Exercise description
Output the lines from the one holding "Roger Garaudy" to the end of the entries that follow, exactly and only those, minus any pictures.

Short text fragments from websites
_ _ _

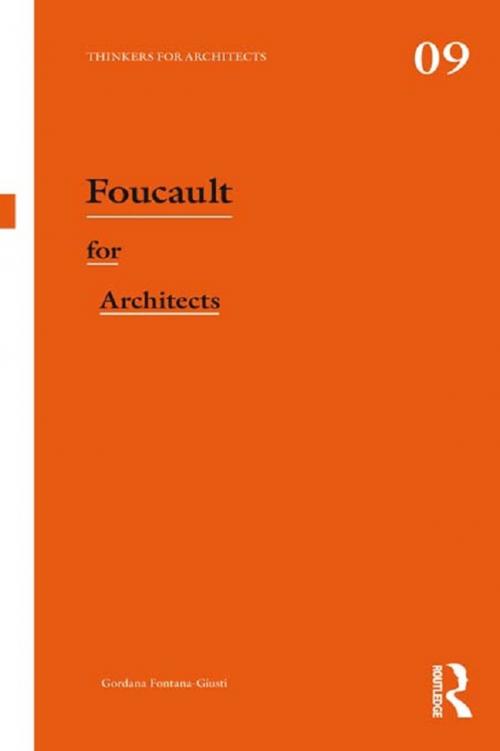 Cover of the book Foucault for Architects by Gordana Fontana-Giusti, Taylor and Francis
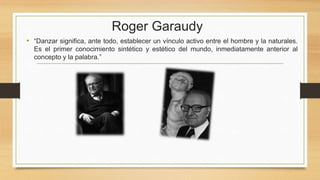 Roger Garaudy
• “Danzar significa, ante todo, establecer un vínculo activo entre el hombre y la naturales.
Es el primer conocimiento sintético y estético del mundo, inmediatamente anterior al
concepto y la palabra.”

_ _ _

Problem solution
 Roger Garaudy
• “Danzar significa, ante todo, establecer un vínculo activo entre el hombre y la naturales.
Es el primer conocimiento sintético y estético del mundo, inmediatamente anterior al
concepto y la palabra.”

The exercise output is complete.